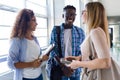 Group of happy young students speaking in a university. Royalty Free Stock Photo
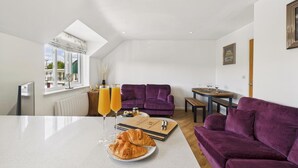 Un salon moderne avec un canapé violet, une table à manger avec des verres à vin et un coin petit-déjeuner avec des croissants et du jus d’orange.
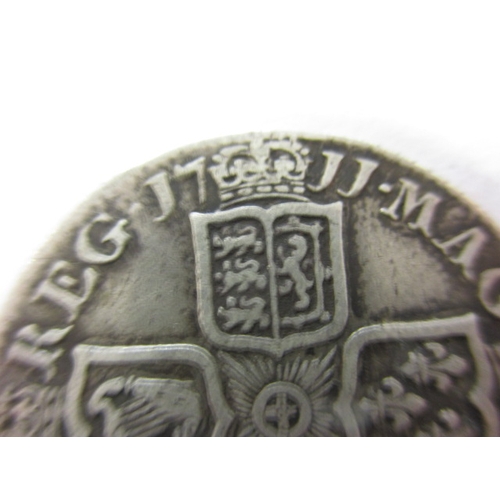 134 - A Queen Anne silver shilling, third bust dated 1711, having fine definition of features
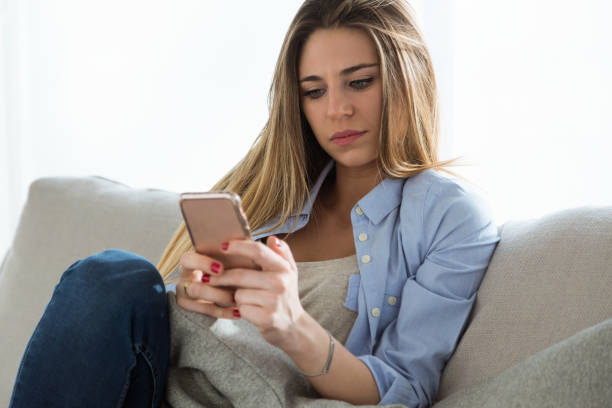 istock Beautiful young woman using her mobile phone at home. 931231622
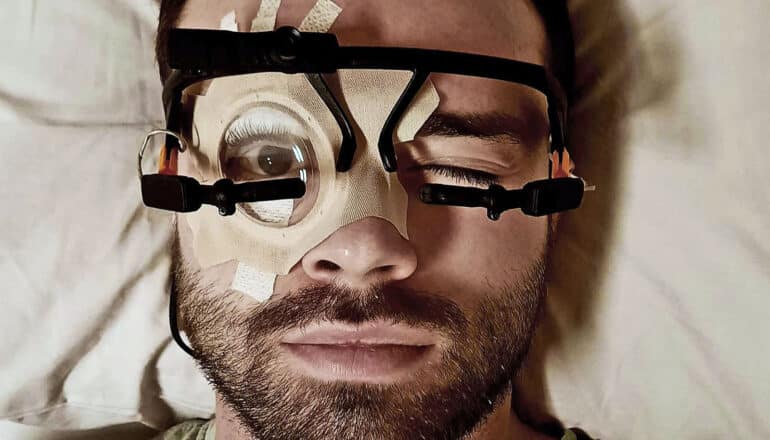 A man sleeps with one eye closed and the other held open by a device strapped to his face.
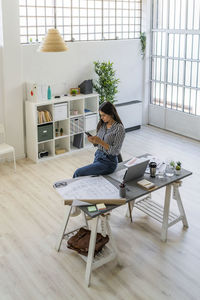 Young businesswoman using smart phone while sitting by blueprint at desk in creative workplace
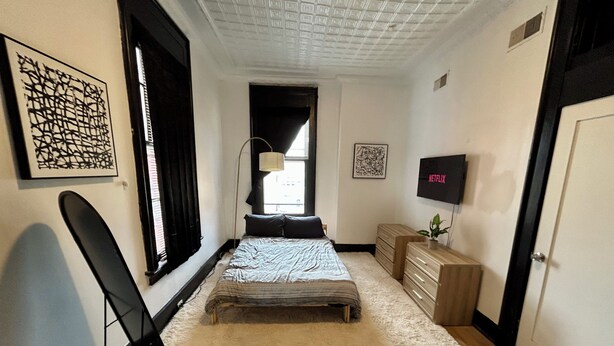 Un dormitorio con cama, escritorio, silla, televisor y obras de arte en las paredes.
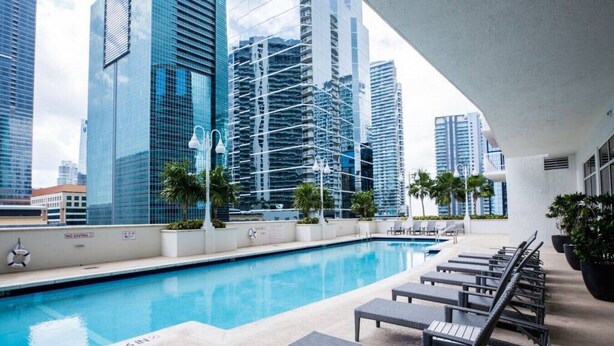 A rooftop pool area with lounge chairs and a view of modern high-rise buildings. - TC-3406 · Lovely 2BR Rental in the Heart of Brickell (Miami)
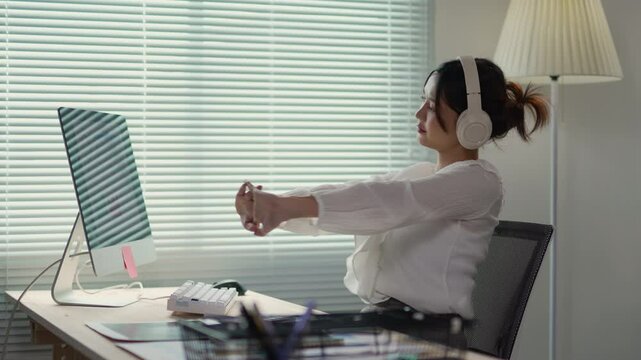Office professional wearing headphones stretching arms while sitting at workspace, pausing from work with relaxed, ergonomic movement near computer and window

EXERCISE BRIEF:
Everything in the entries above should be written out again exactly, except the images.

SOLUTION TO THE EXERCISE:
 Group of happy young students speaking in a university. Royalty Free Stock Photo
 Un salon moderne avec un canapé violet, une table à manger avec des verres à vin et un coin petit-déjeuner avec des croissants et du jus d’orange.
 134 - A Queen Anne silver shilling, third bust dated 1711, having fine definition of features
 istock Beautiful young woman using her mobile phone at home. 931231622
 A man sleeps with one eye closed and the other held open by a device strapped to his face.
 Young businesswoman using smart phone while sitting by blueprint at desk in creative workplace
 Un dormitorio con cama, escritorio, silla, televisor y obras de arte en las paredes.
 A rooftop pool area with lounge chairs and a view of modern high-rise buildings. - TC-3406 · Lovely 2BR Rental in the Heart of Brickell (Miami)
Office professional wearing headphones stretching arms while sitting at workspace, pausing from work with relaxed, ergonomic movement near computer and window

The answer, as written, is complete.